I didn’t know much about Islam at that moment in 1988 (hence my trip to the library), although if you’re a regular reader you know that I went on to convert. I was already inclined to look favorably on Islam. I took offense that in the Seattle of the Midwest, a major world religion would be referred to by such backwards terminology.
Finally, after cataloging, I understood that there was no way for paper to keep up with the world, and it took libraries a while (for a variety of reasons) to let go of card catalogs. I understood that to change Mohammedanism to Islam would have meant re-printing and swapping out hundreds if not thousands of cards in that single library alone. It wasn’t practical. It wasn’t working. But it took libraries awhile to reach a state where they could respond to the world as it changed and grew with them.

And here’s where things get tricky. How do we adjust now to the changing world? I’m not talking about for the public. That’s another discussion. I’m talking about the approach we take with one another: the values of the profession and how they are decided and communicated among library workers – formally or informally.
At the top of the profession, the values are on display at the conferences where we gather. The profession is almost always on the cutting edge of progressive ideology. At the vanguard.
And on the ground, in libraries both rural and urban all over my home state of Michigan and across the country, values may be different. Often, libraries are run and staffed by folks who didn’t go to library school. Who didn’t sign up for a progressive life view. And maybe they aren’t devoted to all of the ALA modernizations.
Changing terminology from Muhammadanism to Islam is a matter of accuracy, but not all decisions are as cut and dried.
Perhaps a push for choosing pronouns and putting them on staff name badges is not common in their communities. And removing Laura Ingalls Wilder’s name from an award is difficult to explain after generations have loved her books and deemed them: “Safe reading.”
These folks direct and staff many of our nation’s libraries. Is it really kind, or wise, to alienate them? Or me? I’ll admit it: I’m not a progressive. And I am disinclined to swallow values that I haven’t chosen for myself.
Library workers are not all in the same place. But we all have the same public service to provide. I’m not saying that the profession needs to abandon its values.

I’m saying we need to make more room for each other, because we are companions in this.
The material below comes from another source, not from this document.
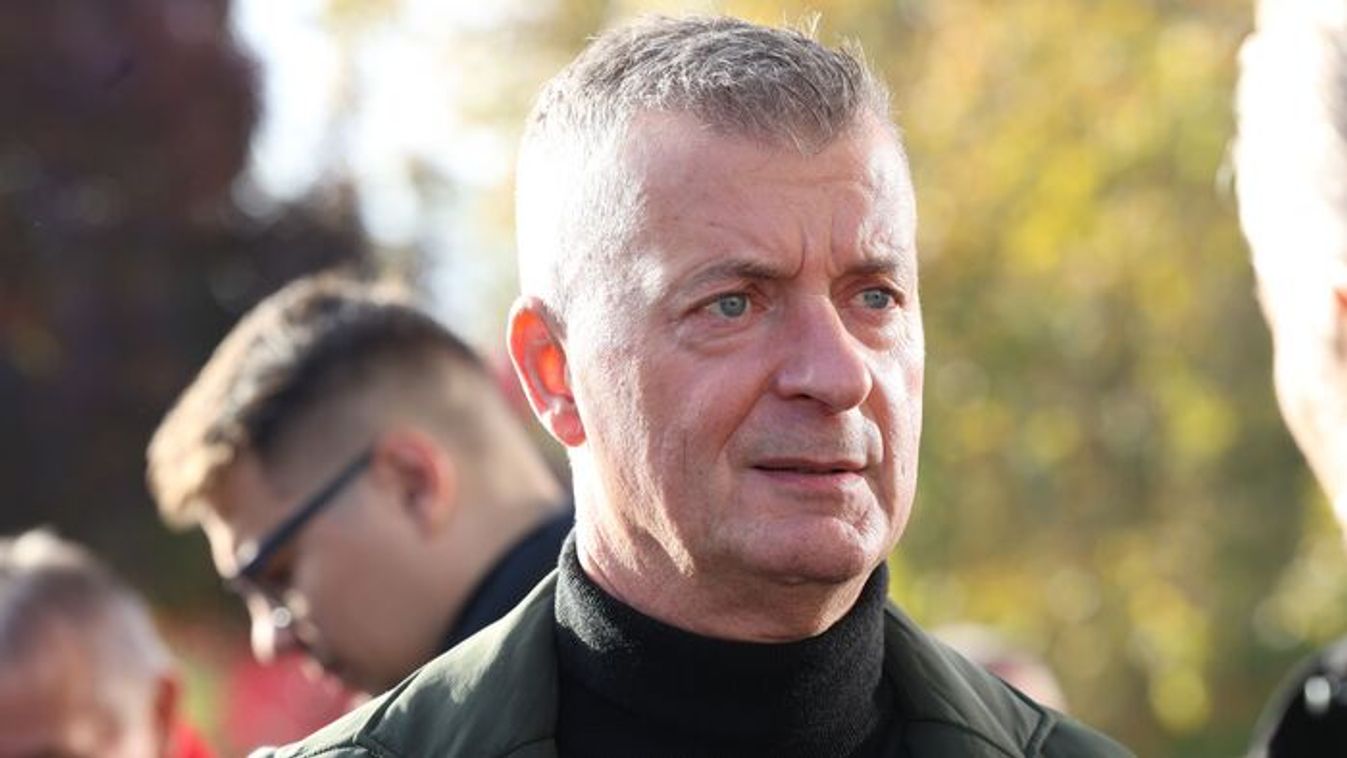 Felháborító mit csinálnak a Fradival az osztrák határnál - ezt Kubatov sem hagyta szó nélkül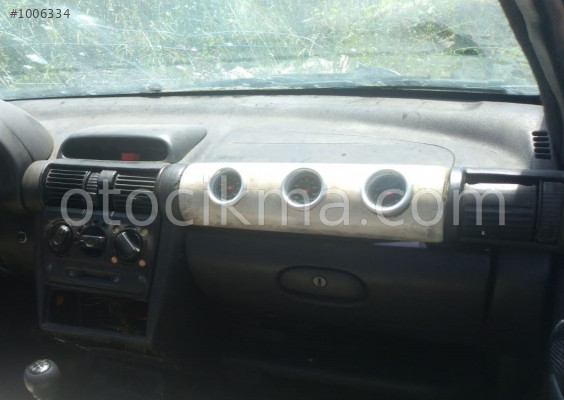 1997 model opel tigra 1.6 16v çıkma dolu torpido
The value I find most compelling today is the integrity of the written word. Not that we must agree with everything written, but we must learn to separate that which is written without regard for truth; worse; the is deliberately untrue so as to incite the reader to unwarranted feelings of rage or hatred. To separate that which can be read for education from that which is intended only to manipulate. And to teach our users to make those distinctions themselves.